» Exercise details
From the data below, retype exactly the lines starting with the one that contains "1755242997491951.jpeg 拜仁.jpeg" and ending with the one that contains "احداث تقاطع آزادگان به زودی اجرایی می شود", both included.

» Record excerpts
****************

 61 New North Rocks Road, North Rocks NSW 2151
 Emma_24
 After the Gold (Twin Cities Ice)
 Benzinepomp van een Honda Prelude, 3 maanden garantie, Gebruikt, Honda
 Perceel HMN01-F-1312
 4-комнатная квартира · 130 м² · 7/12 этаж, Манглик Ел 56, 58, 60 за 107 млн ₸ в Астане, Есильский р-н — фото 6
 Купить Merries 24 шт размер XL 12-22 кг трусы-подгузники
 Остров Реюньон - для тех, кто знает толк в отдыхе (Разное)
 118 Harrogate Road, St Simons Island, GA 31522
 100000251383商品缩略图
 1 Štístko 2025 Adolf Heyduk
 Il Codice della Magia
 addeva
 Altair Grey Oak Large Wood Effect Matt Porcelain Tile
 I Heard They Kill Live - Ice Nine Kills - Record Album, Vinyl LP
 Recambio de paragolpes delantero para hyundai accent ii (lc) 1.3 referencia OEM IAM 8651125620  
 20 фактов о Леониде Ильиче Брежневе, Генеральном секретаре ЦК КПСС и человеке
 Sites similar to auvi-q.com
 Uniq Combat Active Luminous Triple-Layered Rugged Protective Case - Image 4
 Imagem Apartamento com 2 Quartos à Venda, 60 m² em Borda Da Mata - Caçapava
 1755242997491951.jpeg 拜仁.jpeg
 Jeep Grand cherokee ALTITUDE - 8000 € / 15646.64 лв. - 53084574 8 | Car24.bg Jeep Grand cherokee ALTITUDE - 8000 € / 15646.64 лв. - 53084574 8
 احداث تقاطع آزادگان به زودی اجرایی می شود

****************

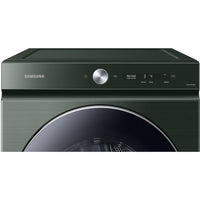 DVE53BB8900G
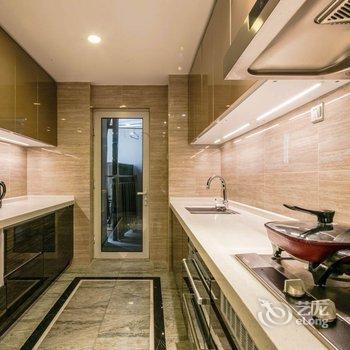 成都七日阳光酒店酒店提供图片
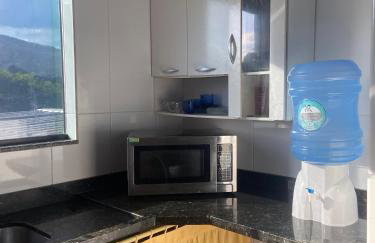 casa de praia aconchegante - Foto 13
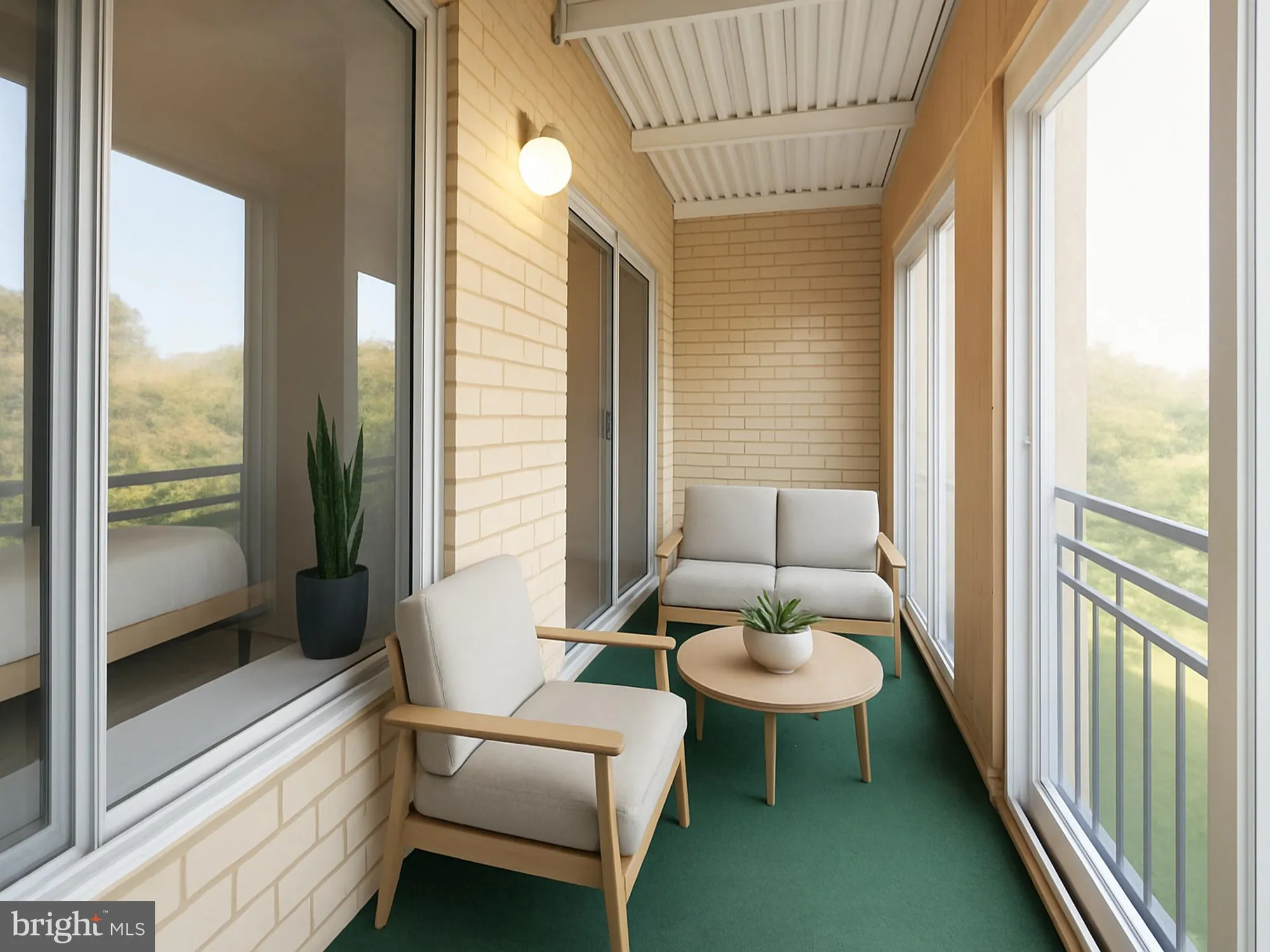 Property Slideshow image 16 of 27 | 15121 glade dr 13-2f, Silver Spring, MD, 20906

****************

» Result for this task
 1755242997491951.jpeg 拜仁.jpeg
 Jeep Grand cherokee ALTITUDE - 8000 € / 15646.64 лв. - 53084574 8 | Car24.bg Jeep Grand cherokee ALTITUDE - 8000 € / 15646.64 лв. - 53084574 8
 احداث تقاطع آزادگان به زودی اجرایی می شود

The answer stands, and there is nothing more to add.